Oregon and Alaska will ask voters to decide whether marijuana should be legal in their state this November. If Florida votes in favor of medical marijuana, it would create a second marijuana-friendly zone on the east coast. Travelers from New York or New Jersey bringing their medical pot to Florida could face prosecution in Georgia, Virginia and Alabama, where possession is illegal.
In Oklahoma, medical marijuana is the subject of several petitions, while another petition is proposing wider legalization. Shifting attitudes and guidelines are creating a state-by-state patchwork wherein travelers can quickly find themselves in trouble if they’re not careful.
California, Oregon and Washington State were the first states to legalize pot for medicinal uses. Between 1999 and 2010, ten more states joined them. The rate of states allowing medicinal marijuana is rising, with ten more joining the group in the last four years.
Medical marijuana is typically prescribed to treat pain or for specific conditions like glaucoma. A new study by Dr. Marcus Bachhuber of the Philadelphia Veterans Affairs Medical Center and the University of Pennsylvania, however, claims that it may have broader public health benefits. According to the study reported in the Globe and Mail, states in which medical marijuana is legal have seen deaths due to opioid overdoses drop by 25%.
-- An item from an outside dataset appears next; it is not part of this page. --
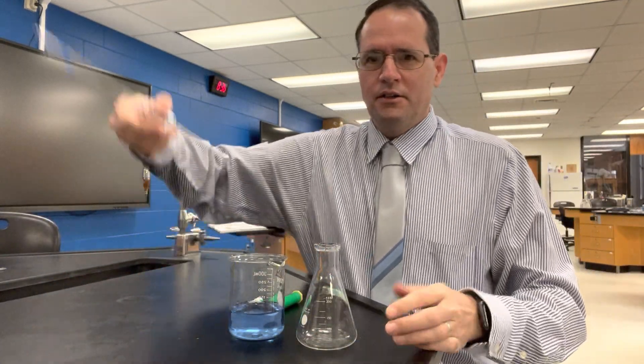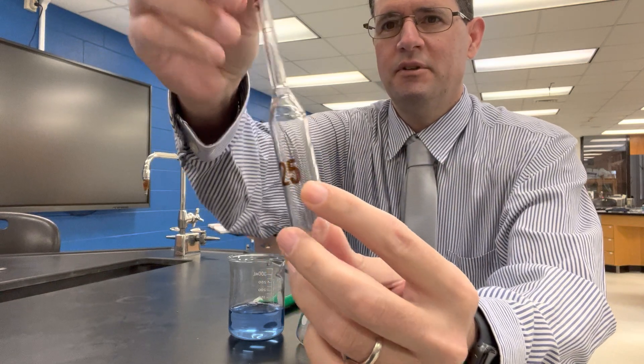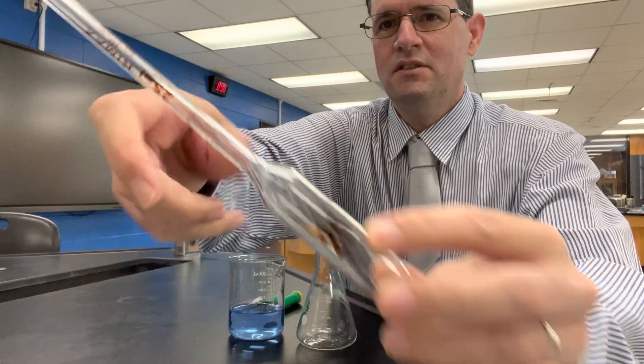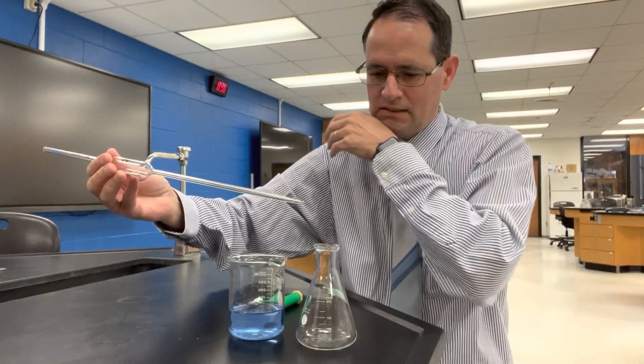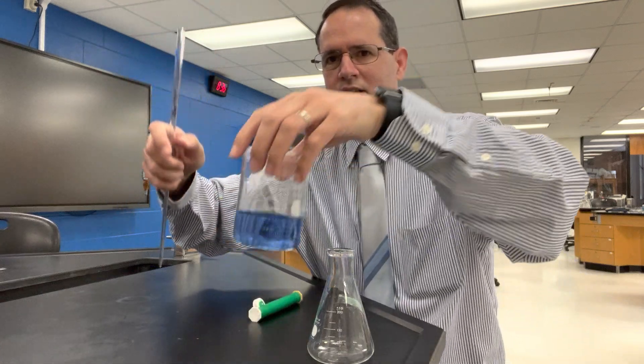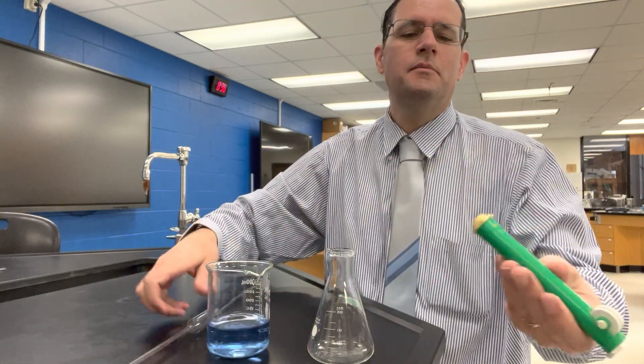In this video I want to show you how to use a pipette. This one here is 25 milliliters, and if we fill the device up to the meniscus it's designed to deliver exactly 25 milliliters of a solution to our Erlenmeyer flask. I've got this colored water here to demonstrate.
Researchers don’t know how opioid deaths and medicinal marijuana are connected. Opioid overdose deaths increased across the US from 4,030 in 1999 to 16,651 in 2010, the years covered by Bachhuber’s study. Three quarters of those totals involved prescription pain killers. While researchers are hesitant to draw a strong conclusion from this correlation, the use of medical marijuana to treat pain may be helping to decrease patient deaths from other pain killers. Researchers say more work must be done to expand our understanding of the public health benefits of medical marijuana.
Marijuana has been legal for medicinal purposes in Washington for 16 years. Purchase and possession of one ounce or less is now legal for everyone. Medicinal marijuana users can possess up to 24 ounces, but smoking in public is subject to a fine of $100.
Idaho is surrounded by more lenient neighbors, but punishes possession of three ounces with up to a year in jail along with a fine of $1,000. Advocates accuse the state police of intentionally targeting interstate travelers using license plate readers. Marijuana seized by police is up from 131.2 pounds in 2011 to 645 pounds in 2012 and 721.5 in 2013. Drug-related arrests are rising and advocates claim out-of-state drivers are often asked about whether they possess contraband before they’re informed of why they were stopped.
Joshua Mularski was traveling from Washington with a lapsed vehicle registration when he was stopped by Idaho police. Officer Christopher Thompson noticed a strong smell of marijuana coming from the vehicle and ordered Mularski to exit the vehicle.
Stating that he had no intention to sell pot in Idaho, Mularski told Thompson he was a grower in Washington who sold to licensed users. The officer informed him that bringing any marijuana across state lines “was a mistake.”
Mularski faced a maximum sentence of a year in prison and a $1,000 fine. A typical conviction is more often 2 – 10 days in prison with probation. That Mularski was able to agree to a $500 bond and have his case dismissed was a blessing. Other travelers may not be so lucky.